Reputation: 1354
I have a pandas dataframe which I'd like to filter based on if certain conditions are met. I ran a loop and a .apply()
and used %%timeit
to test for speed. The dataset has around 45000 rows. The code snippet for loop is:
%%timeit
qualified_actions = []
for row in all_actions.index:
if all_actions.ix[row,'Lower'] <= all_actions.ix[row, 'Mid'] <= all_actions.ix[row,'Upper']:
qualified_actions.append(True)
else:
qualified_actions.append(False)
1.44 s ± 3.7 ms per loop (mean ± std. dev. of 7 runs, 1 loop each)
And for .apply()
is:
%%timeit
qualified_actions = all_actions.apply(lambda row: row['Lower'] <= row['Mid'] <= row['Upper'], axis=1)
6.71 s ± 54.6 ms per loop (mean ± std. dev. of 7 runs, 1 loop each)
I thought .apply()
is supposed to be much faster than looping through rows in pandas. Can someone explain why it's slower in this case?
Upvotes: 2
Views: 10706
Reputation: 862761
apply
uses loops under the hood, so if you need better performance the best and the fastest methods are vecorized alternatives.
No loops, only chain 2 conditions vectorized solution:
m1 = all_actions['Lower'] <= all_actions['Mid']
m2 = all_actions['Mid'] <= all_actions['Upper']

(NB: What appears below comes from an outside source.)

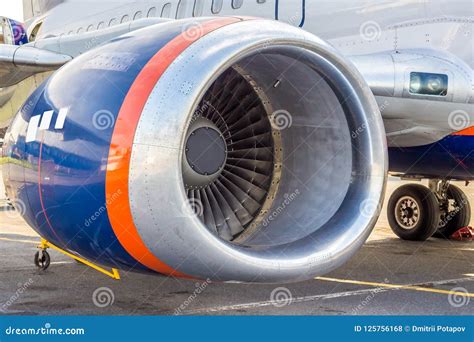 High-bypass Turbofan Aircraft Engine, Installed on Modern Passenger Jet Aircraft Stock Photo ...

qualified_actions = m1 & m2
Thanks Jon Clements for another solution:
all_actions.Mid.between(all_actions.Lower, all_actions.Upper)
Timings:
np.random.seed(2017)
N = 45000
all_actions=pd.DataFrame(np.random.randint(50, size=(N,3)),columns=['Lower','Mid','Upper'])
#print (all_actions)
In [85]: %%timeit
...: qualified_actions = []
...: for row in all_actions.index:
...: if all_actions.ix[row,'Lower'] <= all_actions.ix[row, 'Mid'] <= all_actions.ix[row,'Upper']:
...: qualified_actions.append(True)
...: else:
...: qualified_actions.append(False)
...:
...:
__main__:259: DeprecationWarning:
.ix is deprecated. Please use
.loc for label based indexing or
.iloc for positional indexing
See the documentation here:
http://pandas.pydata.org/pandas-docs/stable/indexing.html#ix-indexer-is-deprecated
1 loop, best of 3: 579 ms per loop
In [86]: %%timeit
...: (all_actions.apply(lambda row: row['Lower'] <= row['Mid'] <= row['Upper'], axis=1))
...:
1 loop, best of 3: 1.17 s per loop
In [87]: %%timeit
...: ((all_actions['Lower'] <= all_actions['Mid']) & (all_actions['Mid'] <= all_actions['Upper']))
...:
1000 loops, best of 3: 509 µs per loop
In [90]: %%timeit
...: (all_actions.Mid.between(all_actions.Lower, all_actions.Upper))
...:
1000 loops, best of 3: 520 µs per loop
Upvotes: 4